= Bogomil Bonev =

Bulgarian politician

Bogomil Angelov Bonev (born September 18, 1957) is a Bulgarian politician, Minister of Interior of Bulgaria between 1997 and 1999.

==Biography==

=== Early years and police career===
Bogomil Bonev was born on September 18, 1957, in Radomir. He graduated Radmir Electronics Technical High School with a golden medal in 1977. After serving time as a soldier in the School for Officers from the reserve in Pleven, he graduated the Higher Officers Academy of the Ministry of Interior in 1981, being the top graduate of that year. For this reason, in spite of the existing practice at that time, he was appointed directly in the Criminal Department of the Sofia Police Directorate, where only very successful candidates are usually appointed after a long and prominent career in the lower level police departments. He served at this position from 1981 to 1990. In this department he worked in the position of a police inspector, dealing with heavy crimes. He has been promoted many times in position and rank for the successful solution of a number of cases involving murder and vault breaking.
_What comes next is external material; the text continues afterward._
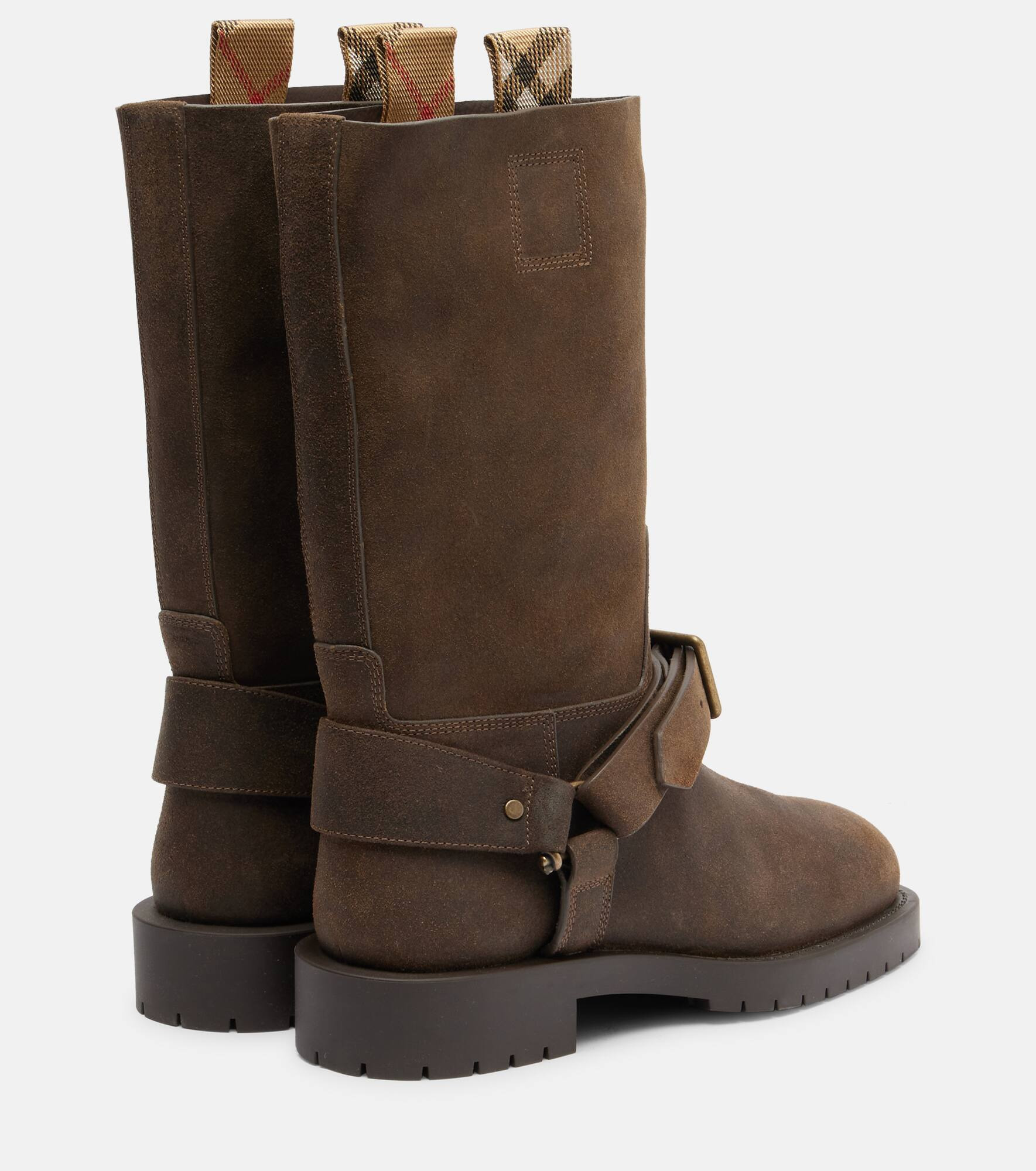 Soft Saddle suede knee-high boots - 2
He graduated with distinction his second university education in 1987 in the Law Department of the Saint Kliment Ohridski Sofia University.

===Political career===

Bogomil Bonev became a member of Bulgarian Communist Party in 1975 at the age of 18.

In 1990 (at the time of political changes in Bulgaria) he was reappointed on his own request in the position of an investigator of heavy crimes. Bonev was appointed Director of the Sofia Police Directorate of the Ministry of Interior in 1991 and shortly after that he became Chief Secretary of the Ministry of Interior in the government of Philip Dimitrov. At this position he was the youngest general, promoted to this rank by President of Bulgaria Zhelyu Zhelev. After the end of the fall of Philip Dimitrov's government, Bogomil Bonev resigned from the position of Chief Secretary of the Ministry of Interior on his own request. He started his legal practice and worked as a counselor of the parliamentary group of the Union of the Democratic Forces on national security issues.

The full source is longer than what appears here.